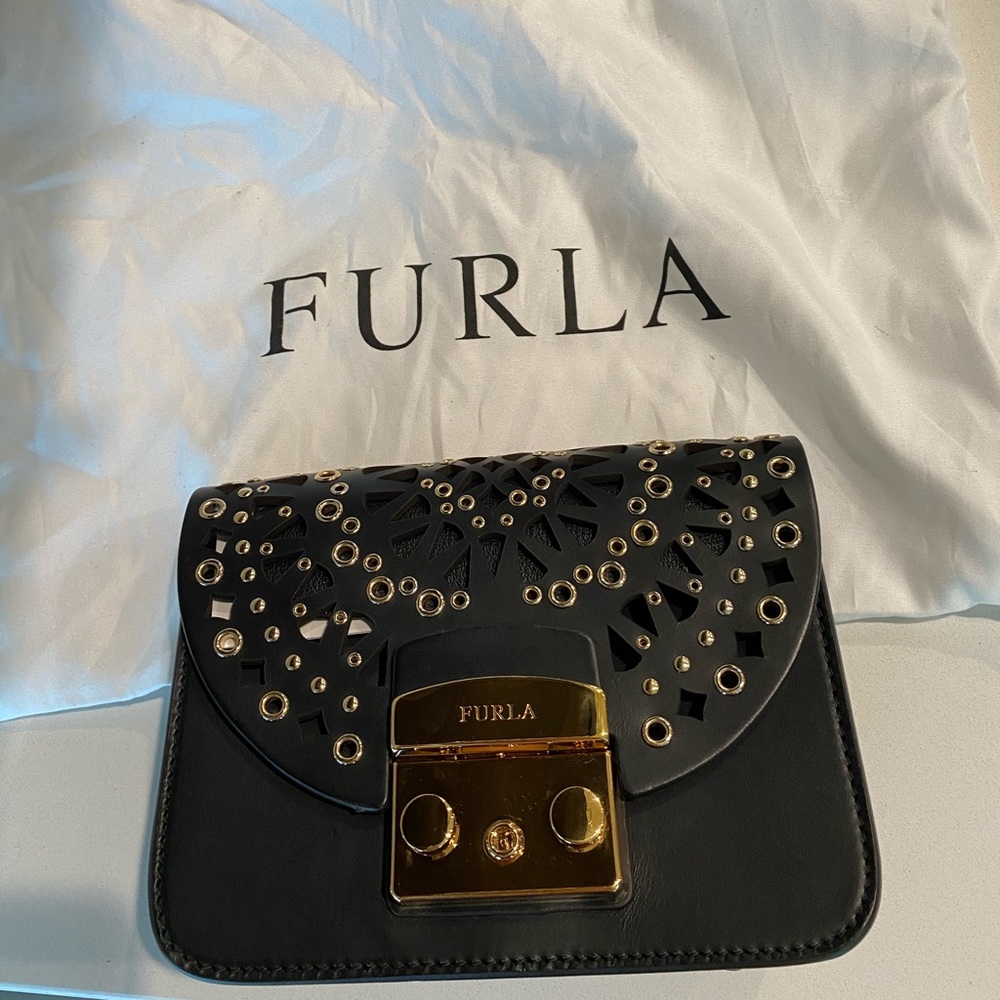 NWT Furla Gold and Black Mini Purse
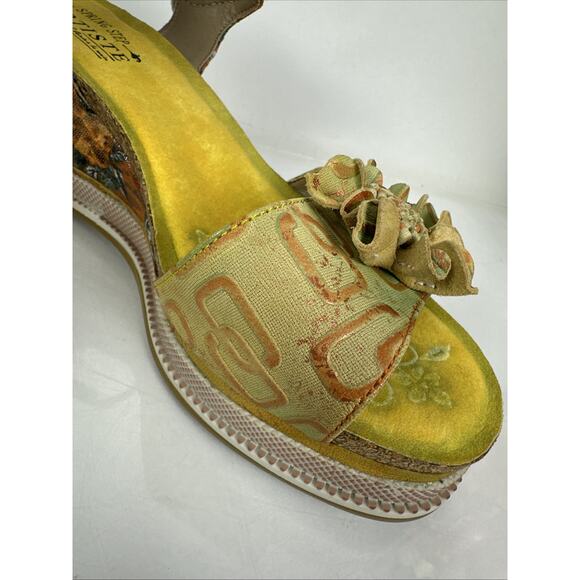 L’Artiste Spring Step 3D Floral Geo Wedge Size 40 Green Orange Yellow - Picture 5 of 16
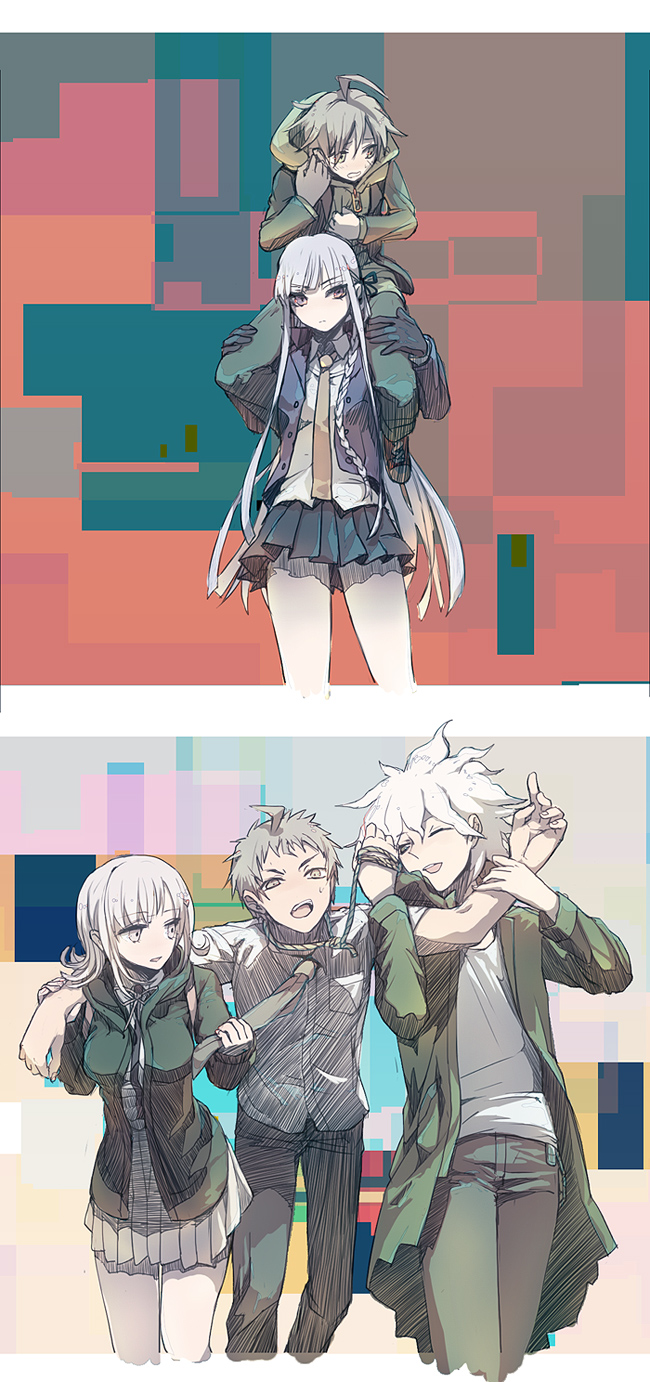 3boys, ahoge, braid, brown_hair, dangan_ronpa, hair_ornament, hairclip, highres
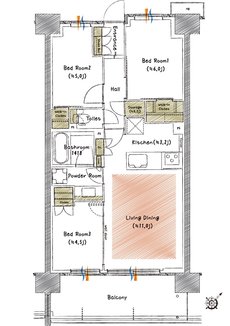プレシス海老名グランサウス 間取り B3タイプ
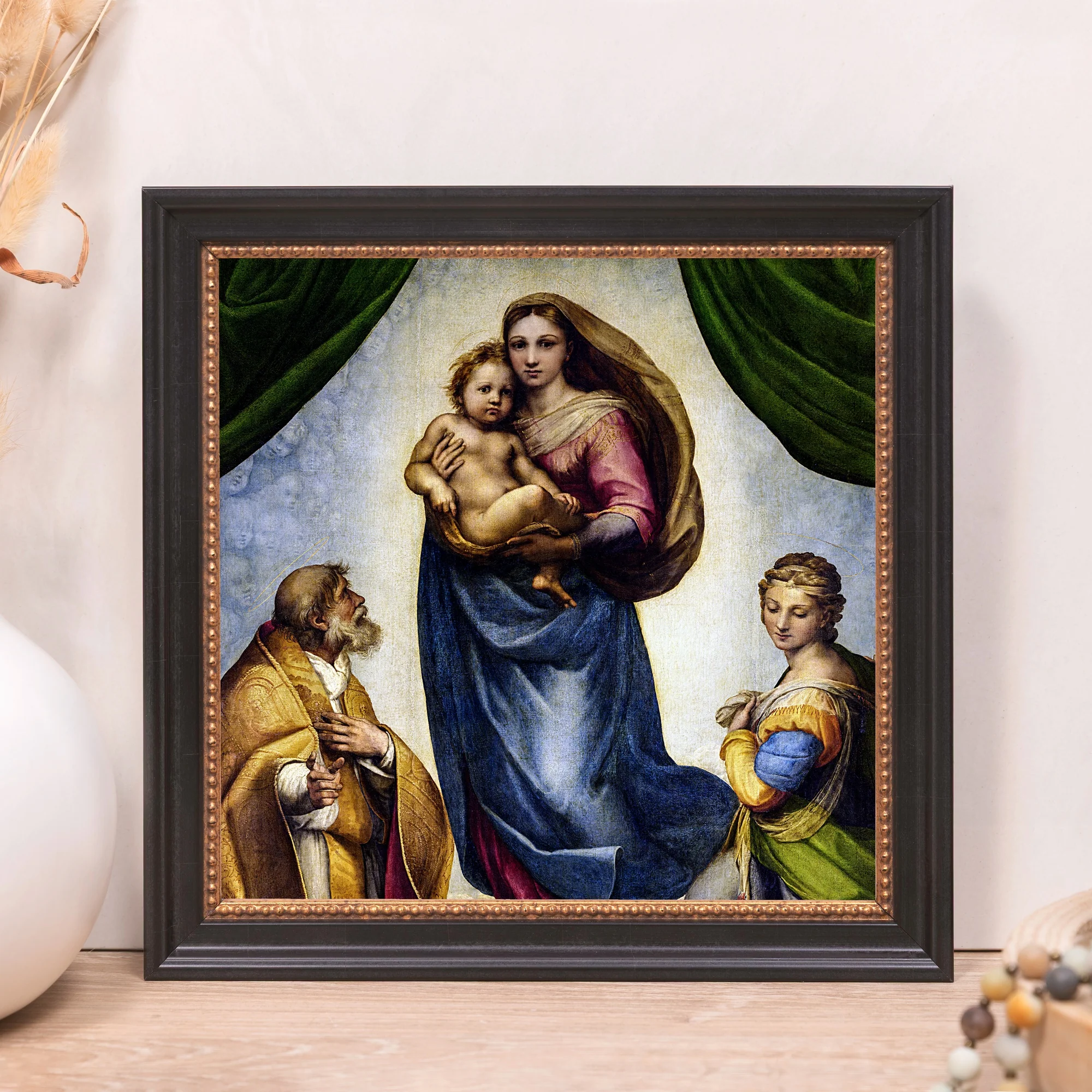 Sistine Madonna Framed Canvas - Sacred Mini Collection - Image 8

^^^^

# ACTIVITY
With pictures excluded, the lines running from the one containing "L’Artiste Spring Step" through the last line of the records above are to be restated exactly and in full.

# EXPECTED ANSWER
 L’Artiste Spring Step 3D Floral Geo Wedge Size 40 Green Orange Yellow - Picture 5 of 16
 3boys, ahoge, braid, brown_hair, dangan_ronpa, hair_ornament, hairclip, highres
プレシス海老名グランサウス 間取り B3タイプ
 Sistine Madonna Framed Canvas - Sacred Mini Collection - Image 8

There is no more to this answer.